What needs to be done
Set down the entries below exactly; drop the pictures.
(Records supplied Opens)
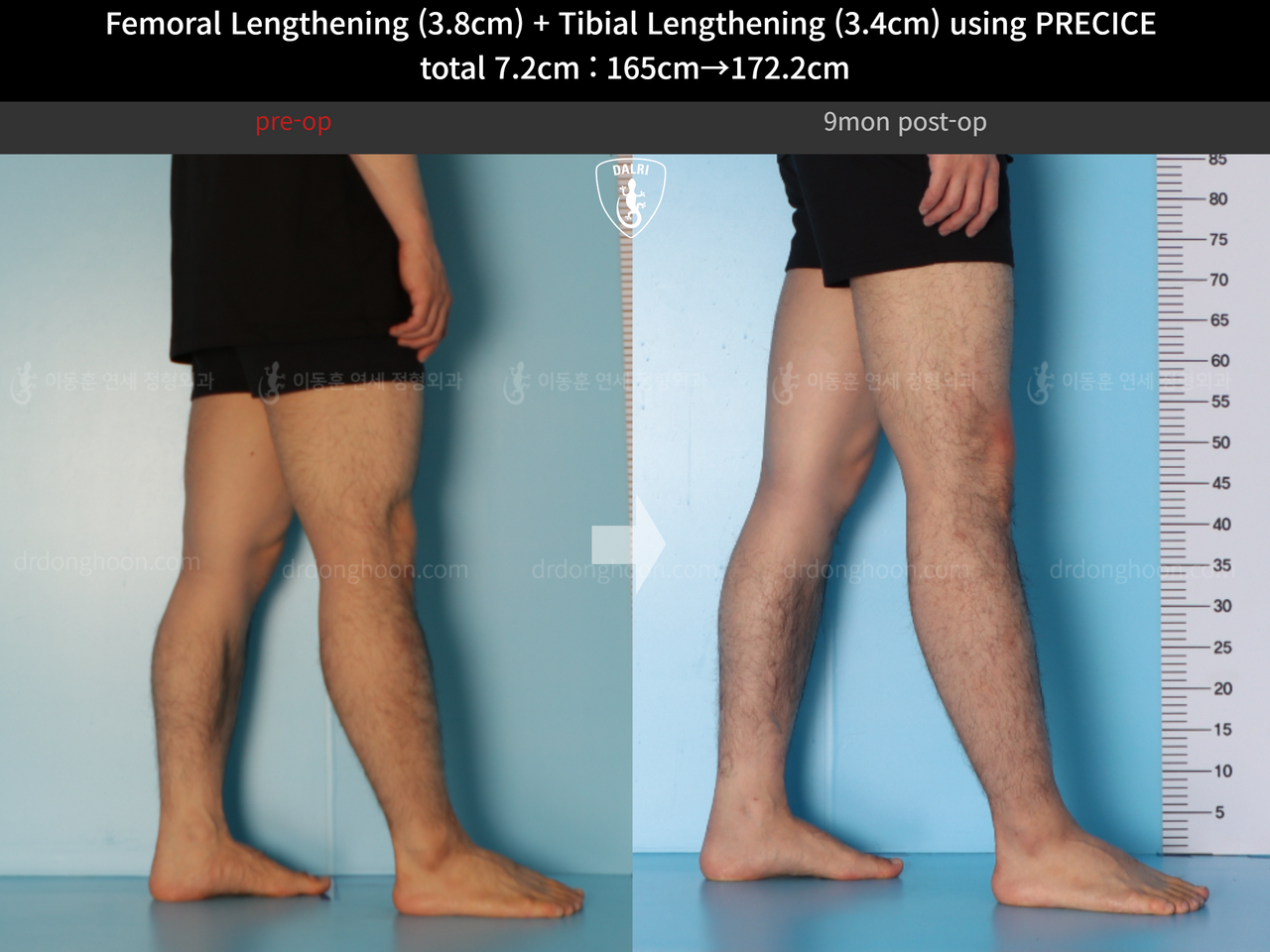 Before and after cll precice, case 14220657, image 9, Dr. Donghoon institute (DALRI)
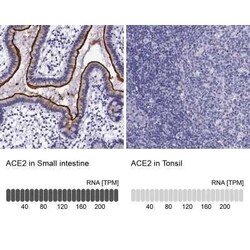 ACE-2 Antibody, Novus Biologicals 0.1 mL | Buy Online | Novus Biologicals | Fisher Scientific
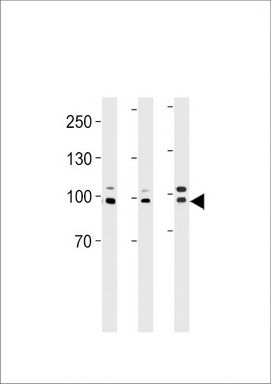 EPC1 Antibody (Center) (Cat. #TA325090) western blot analysis in A2058, Hela cell line and mouse heart tissue lysates (35ug/lane).This demonstrates the EPC1 antibody detected the EPC1 protein (arrow).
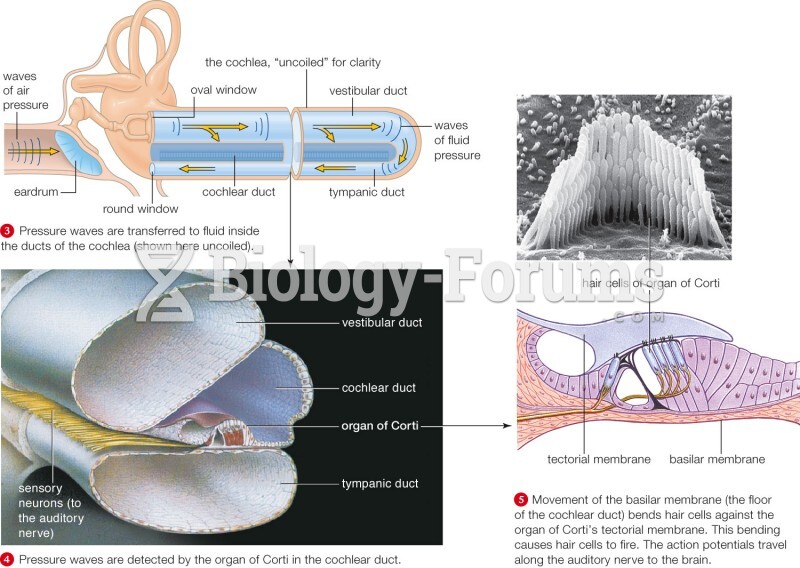 Anatomy of the ear and how we hear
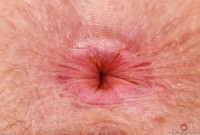 ATK hairy Apricot Pitts Set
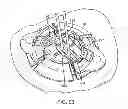Fig. 52 - Burr hole plug having sidable clamping mechanism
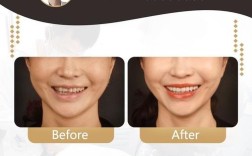 爱优牙牙齿矫正效果怎么样？适合哪些人做呢？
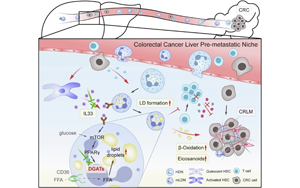 IL33誘導(dǎo)成熟低密度中性粒細(xì)胞脂滴形成驅(qū)動結(jié)直腸癌肝轉(zhuǎn)移的機(jī)制與治療新策略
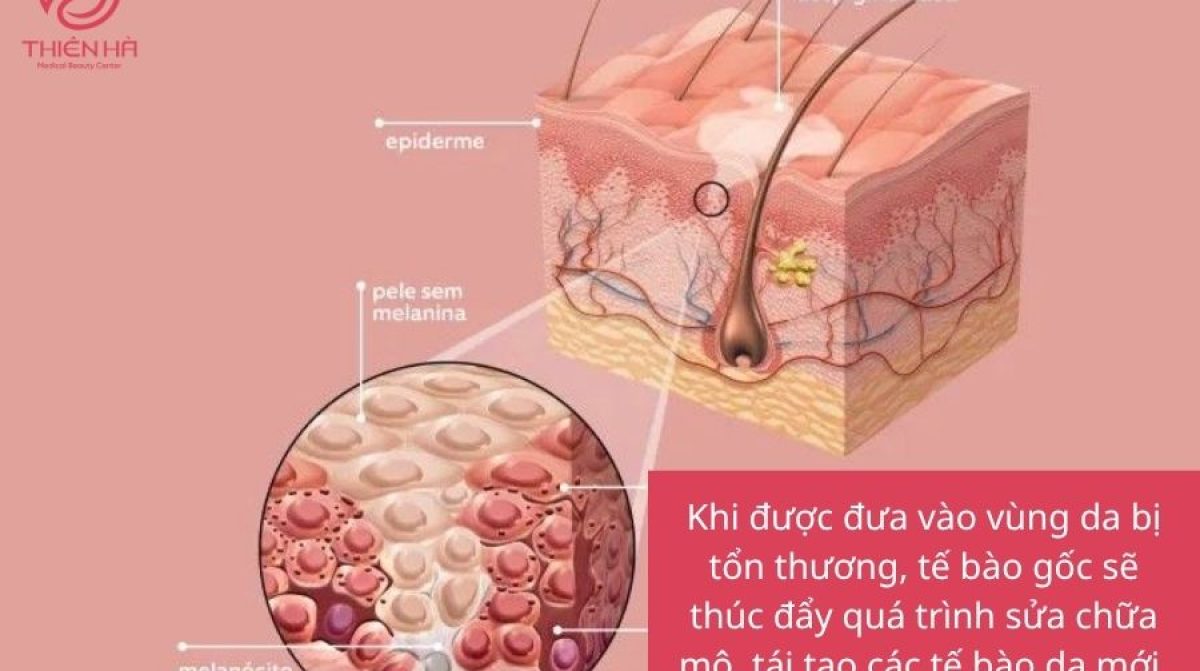 Trị Sẹo Rỗ Bằng Tế Bào Gốc: Hiệu Quả, An Toàn và Quy Trình Thực Hiện
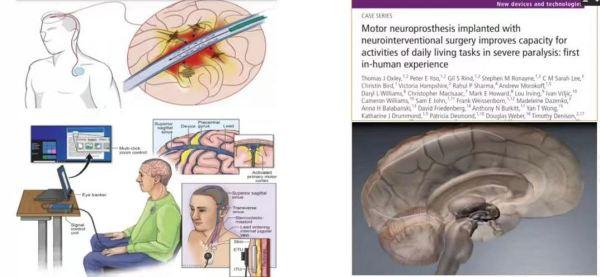 脑机接口、iPS有望助“渐冻人”迎来春天，这个研讨会上专家透露……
(Records supplied Closes)
Final answer
 Before and after cll precice, case 14220657, image 9, Dr. Donghoon institute (DALRI)
 ACE-2 Antibody, Novus Biologicals 0.1 mL | Buy Online | Novus Biologicals | Fisher Scientific
 EPC1 Antibody (Center) (Cat. #TA325090) western blot analysis in A2058, Hela cell line and mouse heart tissue lysates (35ug/lane).This demonstrates the EPC1 antibody detected the EPC1 protein (arrow).
 Anatomy of the ear and how we hear
 ATK hairy Apricot Pitts Set
Fig. 52 - Burr hole plug having sidable clamping mechanism
 爱优牙牙齿矫正效果怎么样？适合哪些人做呢？
 IL33誘導(dǎo)成熟低密度中性粒細(xì)胞脂滴形成驅(qū)動結(jié)直腸癌肝轉(zhuǎn)移的機(jī)制與治療新策略
 Trị Sẹo Rỗ Bằng Tế Bào Gốc: Hiệu Quả, An Toàn và Quy Trình Thực Hiện
 脑机接口、iPS有望助“渐冻人”迎来春天，这个研讨会上专家透露……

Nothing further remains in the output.